▶ **Provided data**:
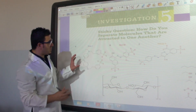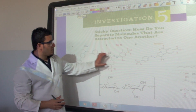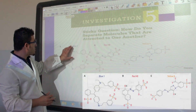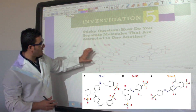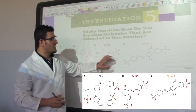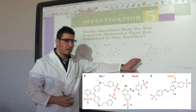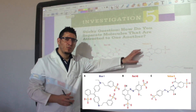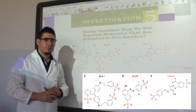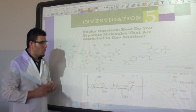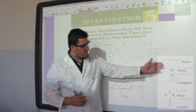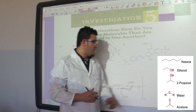In today's example we have a mixture of three dyes: the blue dye called Blue 1, the red dye called Red 40, and the yellow dye called Yellow 5. We are going to use five different solvents.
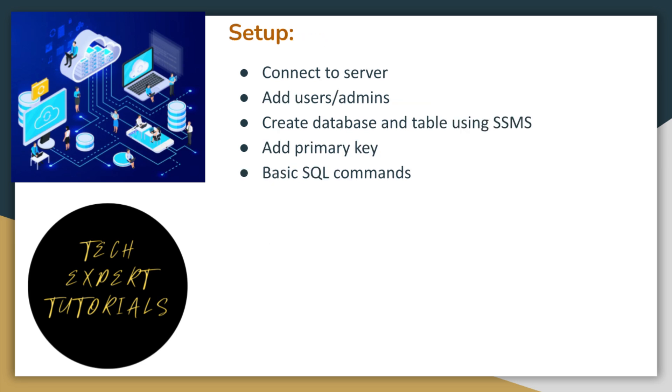Then we will cover some common setup tasks using SSMS. These tasks include connecting to the server, adding users and admins, creating databases and tables, adding primary keys, adding data into tables, and querying data from those tables. We will also be covering some basic SQL commands in SQL Server.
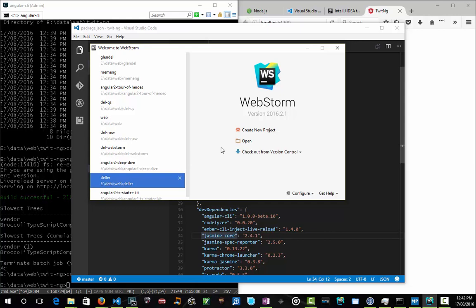We installed the Angular CLI in global scope, which gave us an ng command that we can run everywhere. Then we used it to do an ng new, which creates a new project, and we sparked and scaffolded out our very first twitng project. Thanks so much for hanging out today. Tomorrow don't miss it, we're going to be back and doing some actual coding of our very first Angular 2 app. Be there for that one.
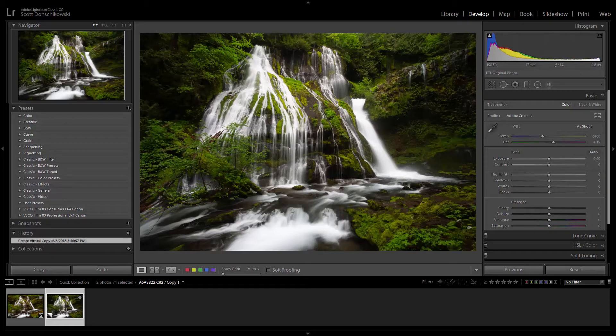Hello everybody, Scott Donchikowski here, and today we're going to look at another processing video. This time, we're going to process a waterfall — in particular, a waterfall called Panther Creek Falls, which is in Washington, just outside of the Columbia River Gorge.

▶ **Work order**:
The required answer is an exact copy of the lines from the one containing "We installed the" through the last line of the material, with the pictures removed.

▶ **Response**:
We installed the Angular CLI in global scope, which gave us an ng command that we can run everywhere. Then we used it to do an ng new, which creates a new project, and we sparked and scaffolded out our very first twitng project. Thanks so much for hanging out today. Tomorrow don't miss it, we're going to be back and doing some actual coding of our very first Angular 2 app. Be there for that one.
Hello everybody, Scott Donchikowski here, and today we're going to look at another processing video. This time, we're going to process a waterfall — in particular, a waterfall called Panther Creek Falls, which is in Washington, just outside of the Columbia River Gorge.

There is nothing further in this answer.